Code for self-supervised monocular object depth estimation based on monodepth2. We have replaced MonoDepth2's default encoder-decoder architecture with a pre-trained relative depth estimation VIT from Depth-Anything and added the GPS loss from G2S to predict metric depth. Object detection is done by a YOLOv8 model trained on the COCO dataset.
There are many things to do, but for now, we have provided a trained model on the KITTI dataset without searching for the best training settings.

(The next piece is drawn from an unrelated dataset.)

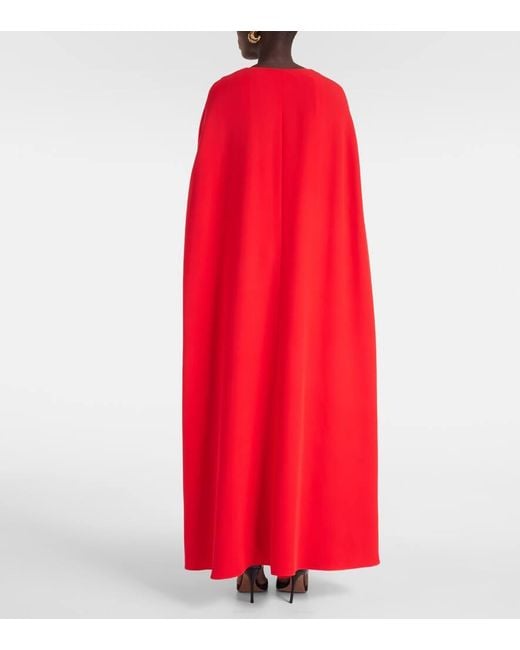 Valentino Red Caped Silk Gown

Model | Resolution | abs_rel | sq_rel | rmse | rmse_log | a1 | a2 | a3 |
---|---|---|---|---|---|---|---|---|
G2S | 1024×384 | 0.109 | 0.844 | 4.774 | 0.194 | 0.869 | 0.958 | 0.981 |
This Repo (G2S + Depth-Anything) | 518×518 | 0.101 | 0.733 | 4.579 | 0.183 | 0.893 | 0.964 | 0.982 |
-
Clone this repo and create the environment:
git clone https://github.com/fardinayar/object_depth_anything.git conda env create -f environment.yml conda activate depth
-
Run
python object_depth_estimation.py --image_folder {path to image folder} --output_type {"csv" or "video"}
In the case of "CSV", results will be saved as a CSV file (results.csv) that lists objects in each image with their minimum depth from the camera. In the case of the "video", the same results will be saved in a video (demo.gif).
-
Add code for training the depth estimation model on custom dataset
-
Evaluate the depth model only in object regions
-
Add more inference settings